TASK — Your task is to return, word for word, only the lines from the line with "Women's/Junior's Lucky Brand" through the close of the data. Exclude all pictures.

** Opening MATERIAL FOR THE TASK block **

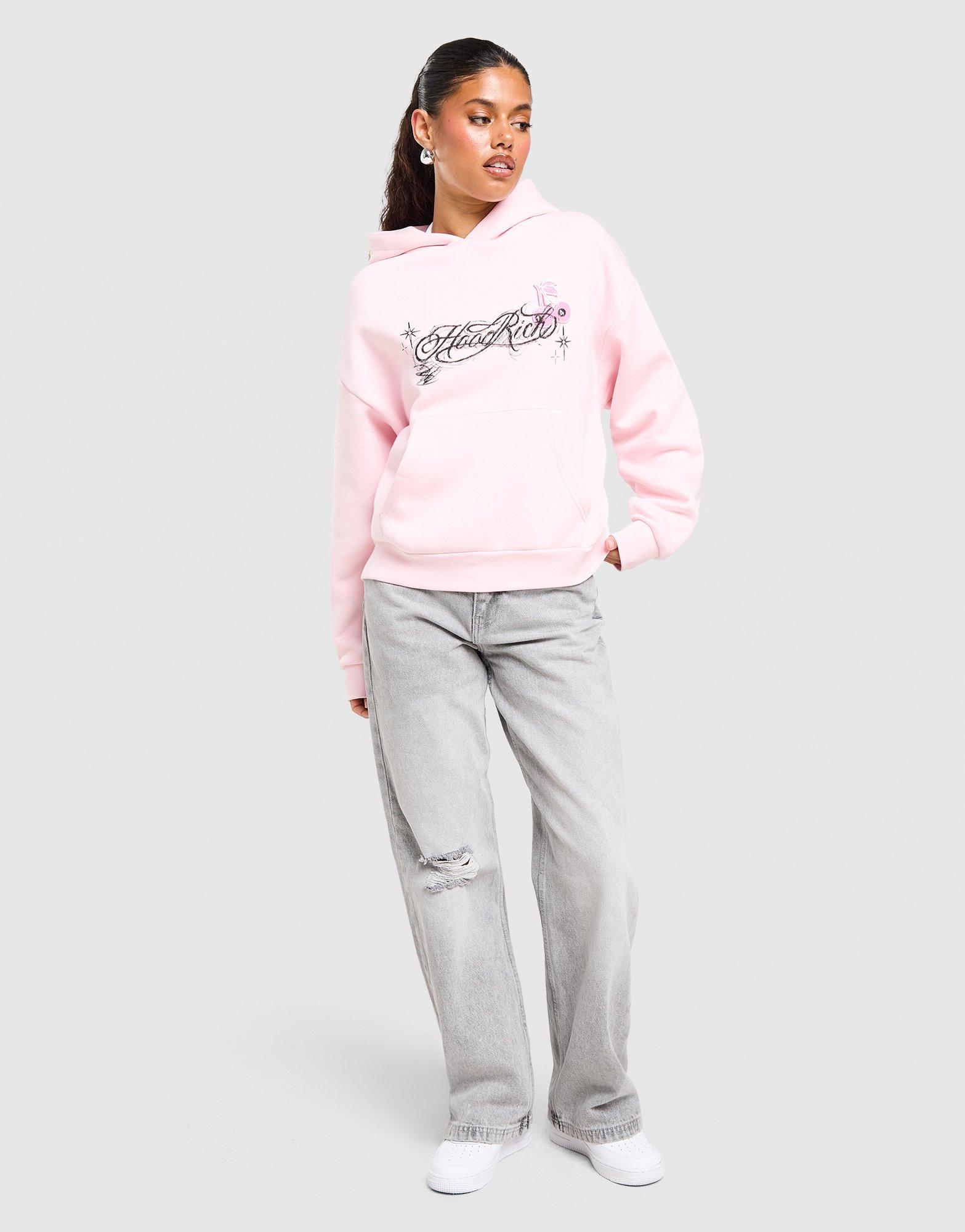Hoodrich Scribble Open Hem Hoodie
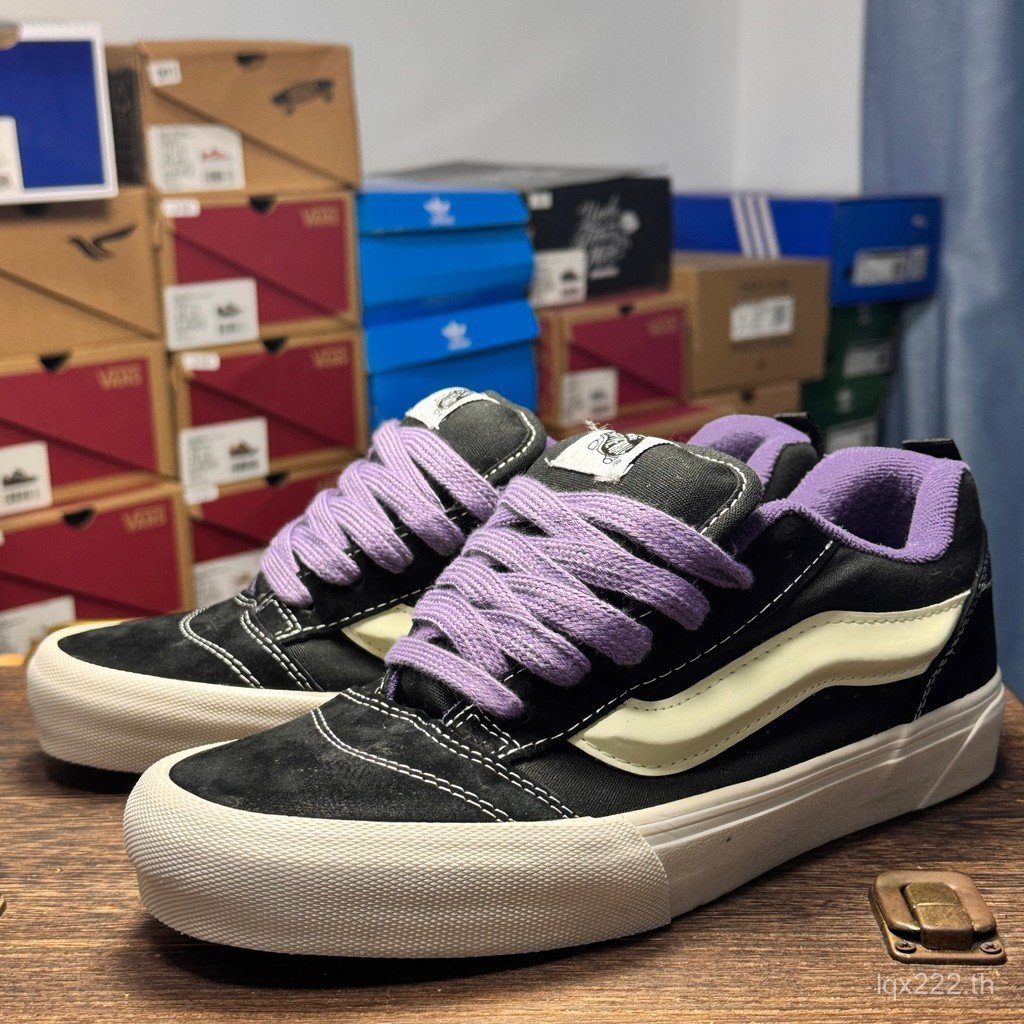 2026Vans Knu Skool VR3 LX รองเท้าผ้าใบผู้หญิงผู้ชายรองเท้า Low-Top Co-Branded Mens Womens Shoes Dail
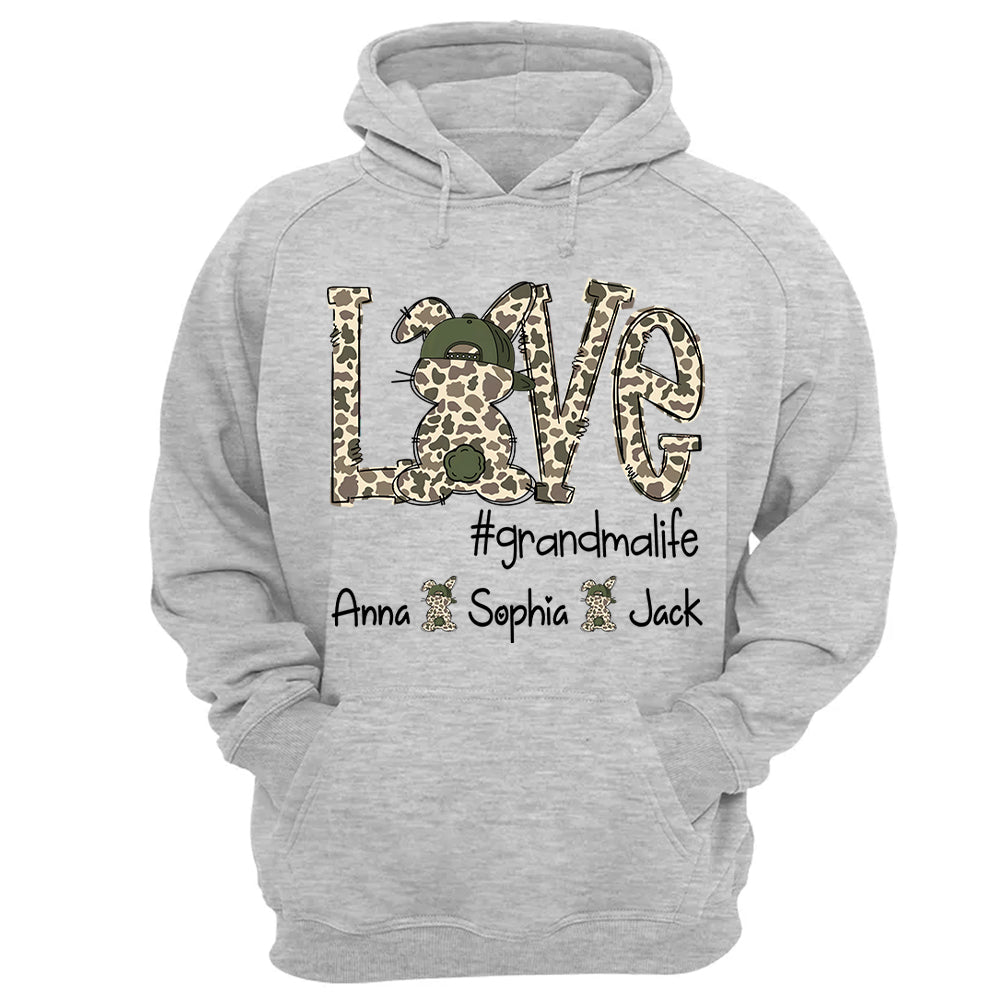 Personalized Love Easter Bunny Grandma, Gift For Easter Day T-Shirt T1807 VH01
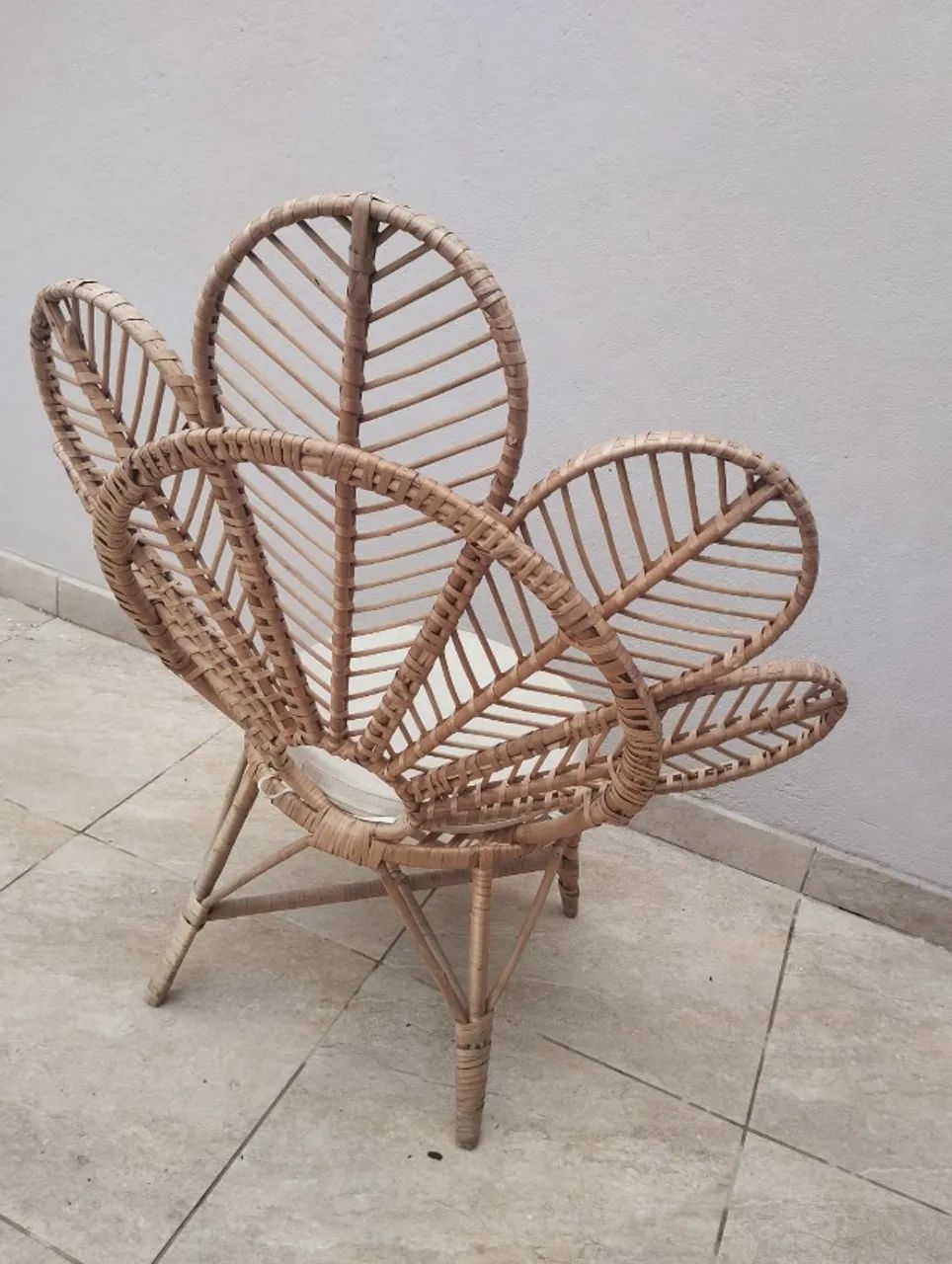 Cadeira Margarida de Vime (Estilo Boho) - Foto 5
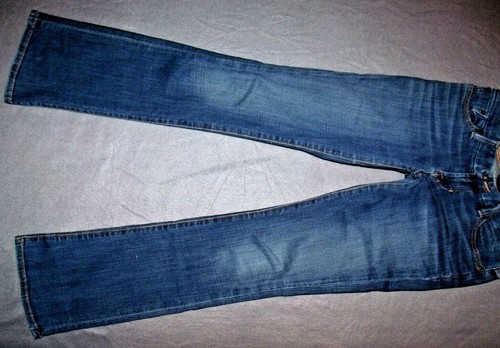 Women's/Junior's Lucky Brand The Sweet Blue Jean Boot Cotton Blend Sz 0 (28/32)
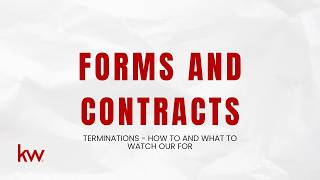 Forms and Contracts  Terminations: How to and what to watch out for  June 8 2026, 11:59 MDT   Record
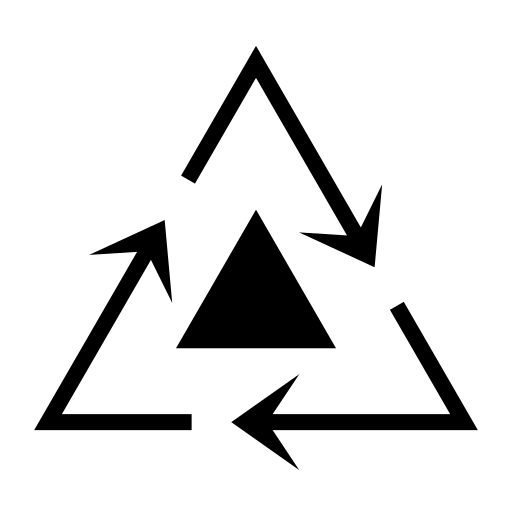 riciclare Generic Glyph icona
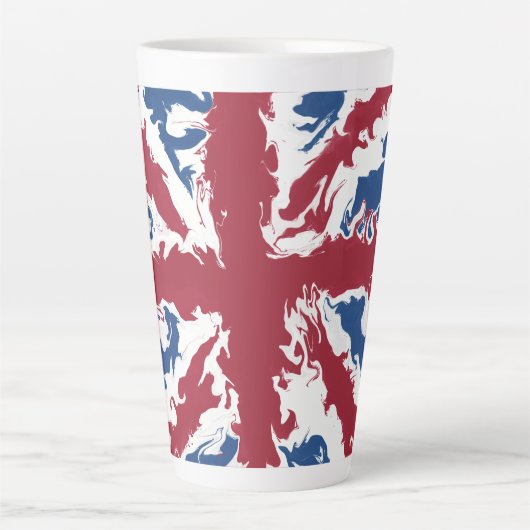 Vloeibare kunst met Uniefacter Latte Mok (Voorkant)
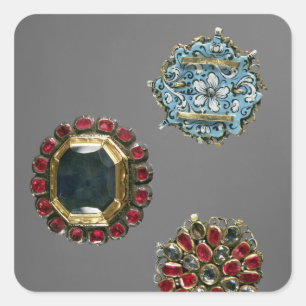 Sticker Carré Sélection de broches costumées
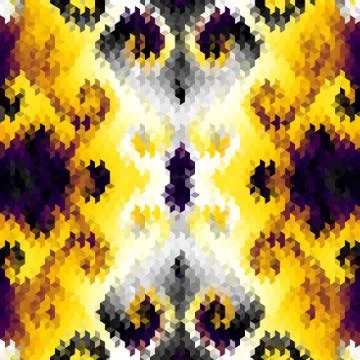Geometric seamless pattern of a triangles in low poly style. 스톡 일러스트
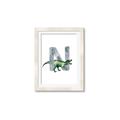 Picture of Green Dino N  _GroupedProduct_Rectangle_Portrait_Mini_ _GroupedProduct_Rectangle_Portrait_Framed_Matted_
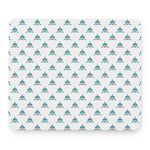 Smiley Shark Pattern Print Mouse Pad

** Closing MATERIAL FOR THE TASK block **

EXPECTED ANSWER —
 Women's/Junior's Lucky Brand The Sweet Blue Jean Boot Cotton Blend Sz 0 (28/32)
 Forms and Contracts  Terminations: How to and what to watch out for  June 8 2026, 11:59 MDT   Record
 riciclare Generic Glyph icona
 Vloeibare kunst met Uniefacter Latte Mok (Voorkant)
 Sticker Carré Sélection de broches costumées
Geometric seamless pattern of a triangles in low poly style. 스톡 일러스트
 Picture of Green Dino N  _GroupedProduct_Rectangle_Portrait_Mini_ _GroupedProduct_Rectangle_Portrait_Framed_Matted_
 Smiley Shark Pattern Print Mouse Pad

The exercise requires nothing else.